I would like to find a list with all the differential equations that have been solved up to date.

A website or any other source would be interesting. If the source contains the methods to get their solutions would be perfect.

Thanks for your time.

 

[Mark44]

DE= Differential equations.

There is an Encyclopedia of Integer Sequences for example, but I am not able to find the equivalent for DE.

I would like to find a list with all the differential equations that have been solved up to date.

I doubt very much that such a list exists.

A website or any other source would be interesting. If the source contains the methods to get their solutions would be perfect.

Thanks for your time.

 

[jonjacson]

I doubt very much that such a list exists.

Maybe if we talk about a specific type of differential equations?

 

[micromass]

You mean analytic solutions? There are only very few DE's with an analytic solution.

 

[jonjacson]

You mean analytic solutions? There are only very few DE's with an analytic solution.

Yes, I mean that. Sorry for not expressing it properly maybe.

 

[TeethWhitener]

Here's a website that has general solutions to a number of common differential equations:

http://eqworld.ipmnet.ru/en/solutions/ode.htm

The page I linked to focuses on ordinary differential equations, but the menu on the left side of the page has links to systems of equations as well as PDEs.

 

[jonjacson]

That is what I was looking for. I will purchase those books.

Hopefully they will show the methods employed to find the solutions, I mean methods like the Euler method etc.

 

[bigfooted]

eqworld is the best online source. I have the books of Kamke and Murphy, and although they contain a lot of de's with solutions and solution strategies, they are a bit dated. You should mainly use these as a database, not as study material. Much has happened since those books appeared: differential Galois theory, Lie's symmetry analysis, Darboux methods, to name a few. We know more about classification, relationships between DE's, equivalence transformations, etc.

 

[jonjacson]

eqworld is the best online source. I have the books of Kamke and Murphy, and although they contain a lot of de's with solutions and solution strategies, they are a bit dated. You should mainly use these as a database, not as study material. Much has happened since those books appeared: differential Galois theory, Lie's symmetry analysis, Darboux methods, to name a few. We know more about classification, relationships between DE's, equivalence transformations, etc.

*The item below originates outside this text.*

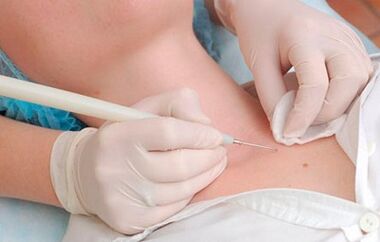 Le cause del virus del papilloma umano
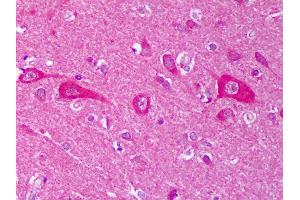 Anti-AHSA1 / AHA1 antibody IHC of human brain, cortex neurons.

I have the book "ALgorithmic Lie Theory" that talks about another approach to transfering the Galois method to differential equations that was started by Picard and Vessiot. Do you know what is the "state of affairs" on this topic?

Apparently there are several approaches to apply Galois theory to differential equations, I don't how if that has been completed succesfully and completely.

 

[bigfooted]

I also have the book, but I am still in chapter 2. I think it is pretty much the state of affairs regarding Janet bases. I like the algorithmic approach, you can program the algorithm yourself which helps in understanding the method.
There are also people like van der Put and Singer who focus more on linear differential equations, their book is also on my To Do list. On my list is also the thesis of Aistleitner, which gives a nice overview and comparison of some other differential elimination methods
http://www.risc.jku.at/publications/download/risc_4229/master.pdf
I don't have a complete overview of the current state of affairs, this is all sunday-afternoon math for me, and I am happy to hear of other seminal 'must-read' works.

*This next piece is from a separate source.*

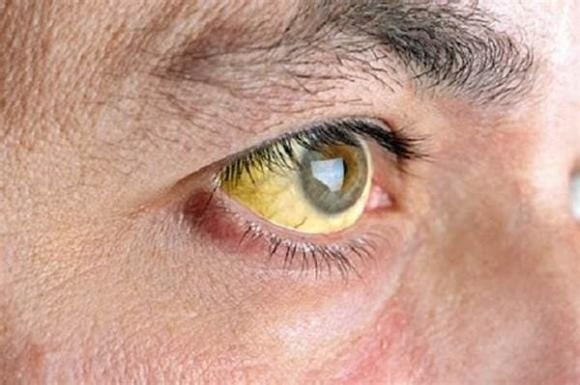 Theo thời gian, màu sắc có thể sẫm hơn đôi chút, tuy nhiên nếu lòng trắng mắt bất ngờ chuyển sang vàng và kèm theo hiện tượng da vàng dần, đây có thể là dấu hiệu cho thấy chức năng gan đang gặp vấn đề, chẳng hạn như viêm gan hoặc xơ gan.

I don't know when mathematicians consider a mathematical approach to be complete. At least a lot of progress has been made the last 25 years and we can systematically find properties of large classes of differential equations (symmetries, invariant solutions, first integrals).

 

[jonjacson]

I also have the book, but I am still in chapter 2. I think it is pretty much the state of affairs regarding Janet bases. I like the algorithmic approach, you can program the algorithm yourself which helps in understanding the method.
There are also people like van der Put and Singer who focus more on linear differential equations, their book is also on my To Do list. On my list is also the thesis of Aistleitner, which gives a nice overview and comparison of some other differential elimination methods
http://www.risc.jku.at/publications/download/risc_4229/master.pdf
I don't have a complete overview of the current state of affairs, this is all sunday-afternoon math for me, and I am happy to hear of other seminal 'must-read' works.

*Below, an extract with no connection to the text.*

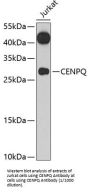 Centromere Protein Q (CENPQ) Antibody
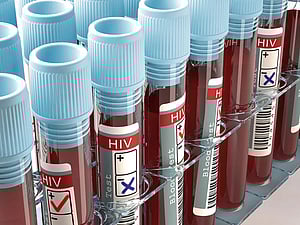 திரிபுராவில் 828 மாணவர்களுக்கு எச்ஐவி: அதிர்ச்சி தகவல்!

I don't know when mathematicians consider a mathematical approach to be complete. At least a lot of progress has been made the last 25 years and we can systematically find properties of large classes of differential equations (symmetries, invariant solutions, first integrals).

Very interesting.

Do you know if these methods are useful with quantum mechanics equations (Schrödinger)?

 

[bigfooted]

I think Lie groups are used in quantum mechanics, but I don't know a lot about it.